The hull would be constructed with as much historical accuracy as possible outboard as well as inboard above the free board deck. The hull would be divided into six waterproof sections for safety and in order to limit any possible damage.
Beneath the free board deck, no consideration of historical tradition would need to be taken, but the design and materials used would still be in keeping. The deck machinery would be as historically correct as possible. The ship was to be ballasted to obtain the historically correct waterline and carry 80 persons in crew, officers and trainees, and 12 passengers.
June 11, 1995 the official laying of the keel takes place in front of 3.000 spectators. The ceremony is performed by Sören Gyll, Volvo AB, Professor of History Jörgen Weibull and Alf Österström, Priest of the local congregation. Two coins are placed in each of the two joints of the 33 meters long oak keel. Three years later the Friends Organization, the Management Group and a huge numbers of volunteers, brilliant ships builders and carpenters can proudly show they are well on their way doing the impossible.
In 1996 the shipyard hall is built. Wood beams from an old building elsewhere are found that will fit our purpose perfectly are found and a light tin roof is built across the beams. On each side of the old slip way there were eleven plinths cast in reinforced concrete to support large beams that are to form the roof over the ships hall. The beams came from an old building in Skandiahamnen and was donated to us by the Gothenburg Harbour AB. The covering of the hall with a light tin roof, we eventually needed to contract and pay for, but the rest was sponsored.
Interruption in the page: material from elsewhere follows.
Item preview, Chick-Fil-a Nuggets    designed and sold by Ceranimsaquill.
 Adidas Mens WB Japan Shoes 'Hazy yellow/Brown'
It could not have become better or more fitting even if we would have had the building especially designed for our purpose.
The 4th of June 1996 The shipyard is visited by the Vice Premier of China, Mr. Zou Jiahua together with the Chinese Ambassador to China, Mr. Yang Guirong and the Swedish Ambassaor to China, Mr. Sven G. Linder. Later the same year the Major of Shanghai, Mr. Xu Kuangdi visits the Shipyard. The 8th of December 1996, the first rib is officially raised.
Major of Shanghai, Mr. Xu Kuangdi visits Terra Nova
Anders and I are extensively interviewed about the purpose, plans and progress of our project ahead of the then Swedish Prime Minister Göran Persson's visit to China the on 2-4 November 1996.
We are now convinced that our project would soon, finally, receive some kind of public recognition and ideally some kind of financial support, but, no.
First East Indiaman Gotheborg IT fair occupying 1500 square meter area - the entire G Hall - at the annual Boats Show at Svenska Mässan. Nils Boijart, Jan-Erik Nilsson and Anders Wästfelt creates a 'Virtual World Tour' focused on the trade route and the cultural and commercial purpose of the project. The whole world participates via Internet and interactive webcams.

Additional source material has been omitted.